Data extract:
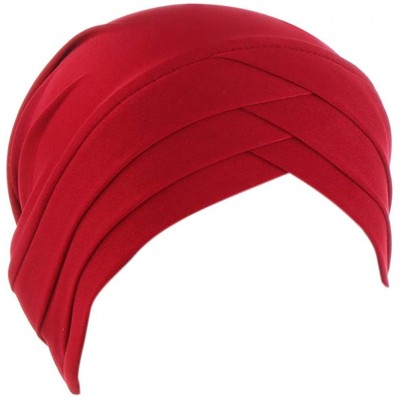 Skullies & Beanies Hijab Chemo Cancer Beanies Turbans Hats Cap Twisted Hair Cover Headwrap Turban Headwear for Women - Red - ...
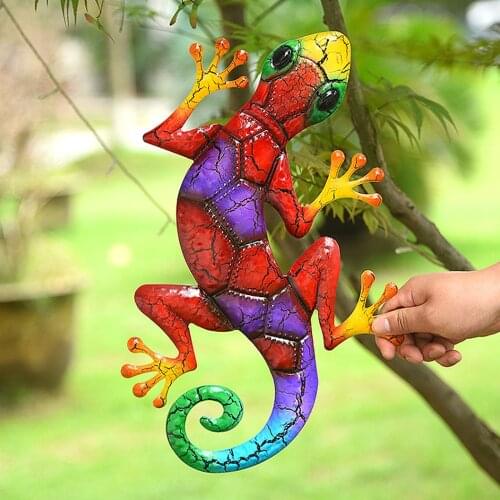 Metal Gecko Wall Decor Garden Decoration Statues Home Décor Wall Art Creativity Iron Art Gecko Ornaments For Patio Wall Fence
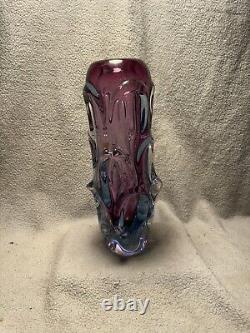 Vtg 1960 Cash Art Glass Vase By Jan Beranek For Skrdlovice. Lavender And Blues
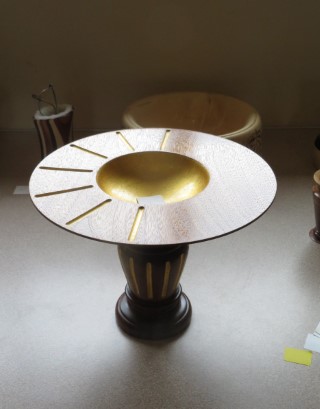 Len Laker won turning of the month with this pedestal dish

Required action: Restate word for word the lines beginning with the one that contains "Metal Gecko Wall" and ending with the last line of the listing; pictures stay out.

Output for this task:
 Metal Gecko Wall Decor Garden Decoration Statues Home Décor Wall Art Creativity Iron Art Gecko Ornaments For Patio Wall Fence
 Vtg 1960 Cash Art Glass Vase By Jan Beranek For Skrdlovice. Lavender And Blues
 Len Laker won turning of the month with this pedestal dish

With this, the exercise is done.